ASSIGNMENT — Would you please transcribe, exactly as written, the lines of the entries below starting at the one that holds "Elephant Yoga, Meditation" and ending at the one that holds "Bad Dog Ale House - El Segundo, CA menu_pic", both included?

GIVEN RECORDS —
Start of Block
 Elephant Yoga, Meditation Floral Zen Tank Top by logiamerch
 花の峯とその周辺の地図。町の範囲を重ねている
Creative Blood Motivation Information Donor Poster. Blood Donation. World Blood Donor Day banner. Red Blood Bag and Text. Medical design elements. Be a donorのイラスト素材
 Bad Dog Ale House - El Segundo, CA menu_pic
End of Block
Start of Block
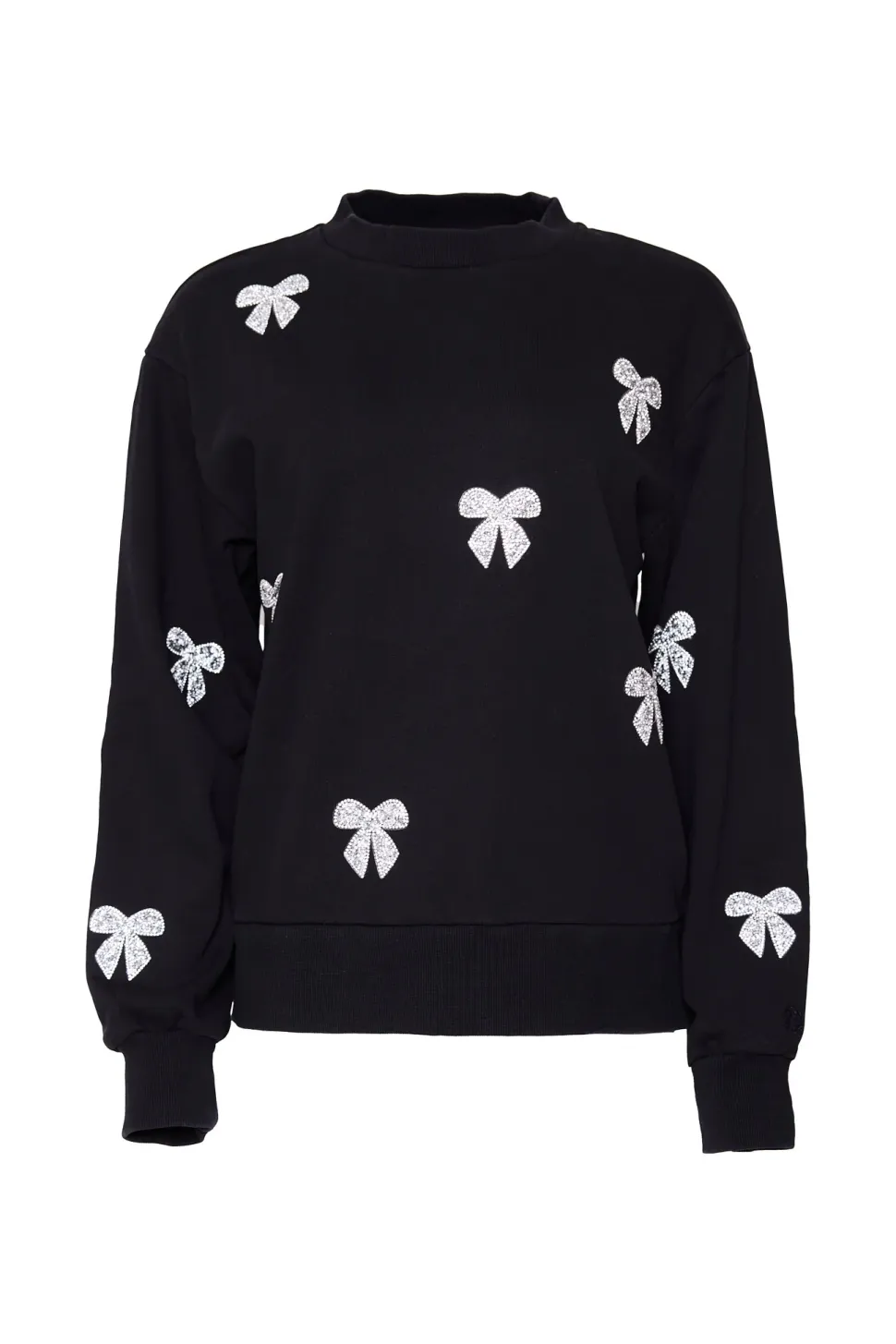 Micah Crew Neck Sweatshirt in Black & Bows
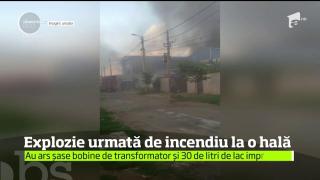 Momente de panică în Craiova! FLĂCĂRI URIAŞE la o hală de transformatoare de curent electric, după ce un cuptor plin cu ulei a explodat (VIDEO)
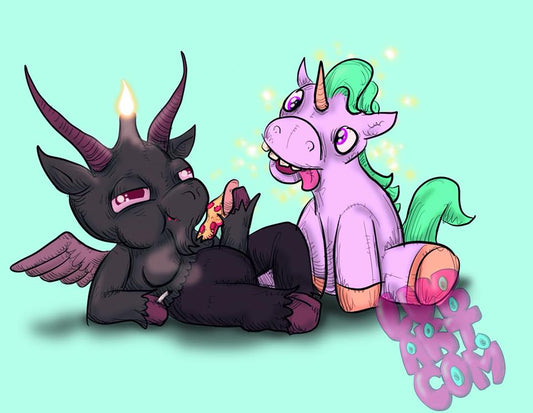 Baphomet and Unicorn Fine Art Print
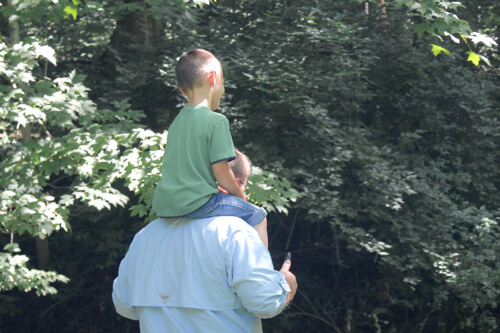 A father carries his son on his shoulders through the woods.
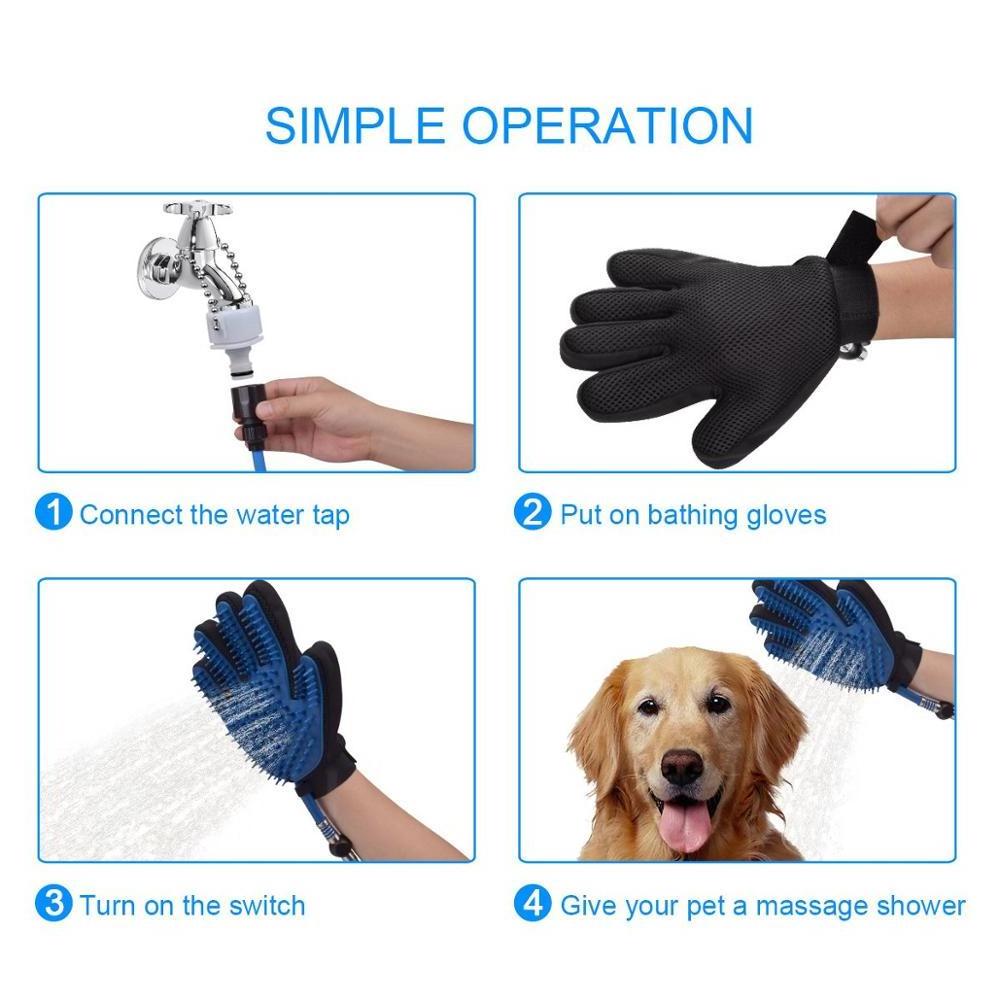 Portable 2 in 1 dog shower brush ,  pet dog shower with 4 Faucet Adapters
End of Block
Start of Block
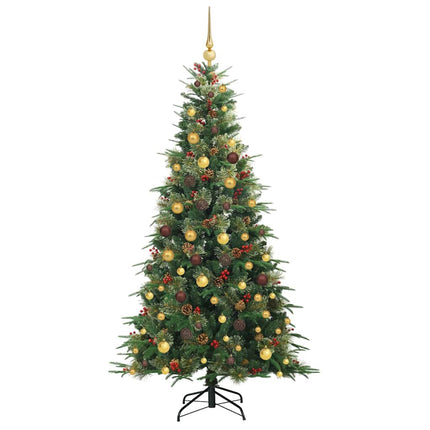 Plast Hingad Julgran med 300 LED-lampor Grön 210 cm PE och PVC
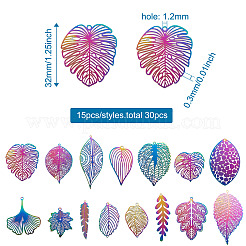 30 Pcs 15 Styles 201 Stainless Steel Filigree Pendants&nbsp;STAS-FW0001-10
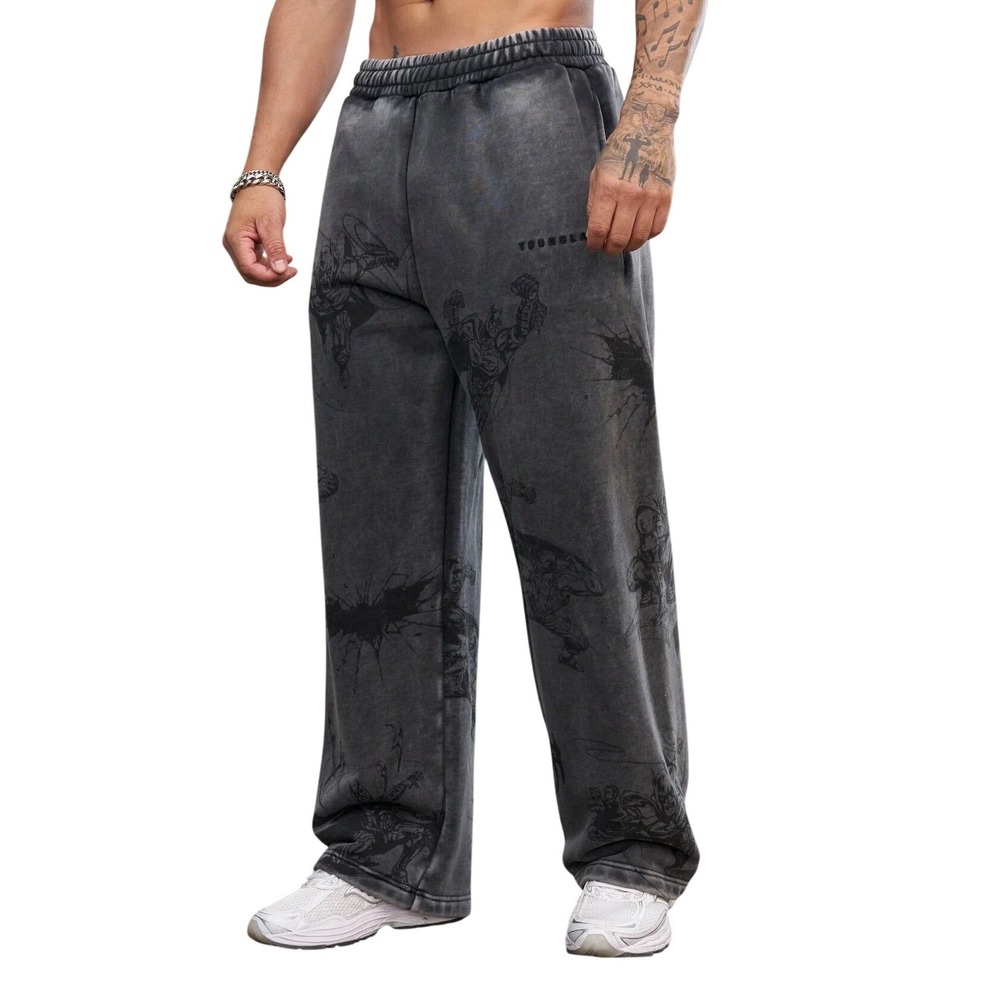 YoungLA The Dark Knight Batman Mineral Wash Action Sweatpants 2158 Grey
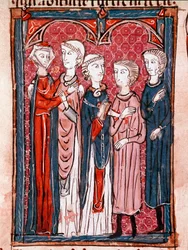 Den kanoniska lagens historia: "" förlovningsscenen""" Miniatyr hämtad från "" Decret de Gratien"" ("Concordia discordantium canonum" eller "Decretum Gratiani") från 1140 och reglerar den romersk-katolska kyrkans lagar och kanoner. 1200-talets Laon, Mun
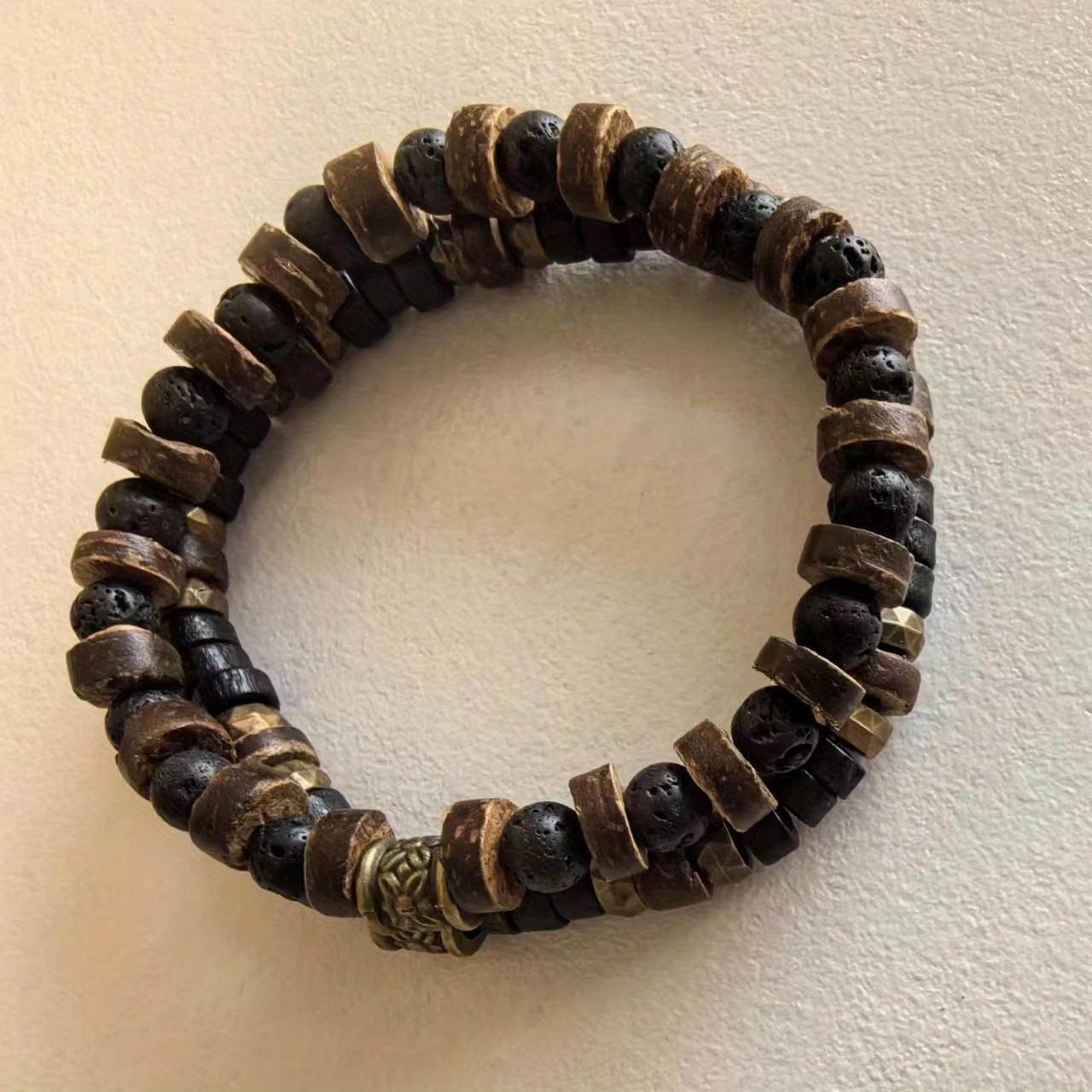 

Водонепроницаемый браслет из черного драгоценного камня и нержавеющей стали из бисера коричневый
End of Block
WRITTEN SOLUTION —
 Elephant Yoga, Meditation Floral Zen Tank Top by logiamerch
 花の峯とその周辺の地図。町の範囲を重ねている
Creative Blood Motivation Information Donor Poster. Blood Donation. World Blood Donor Day banner. Red Blood Bag and Text. Medical design elements. Be a donorのイラスト素材
 Bad Dog Ale House - El Segundo, CA menu_pic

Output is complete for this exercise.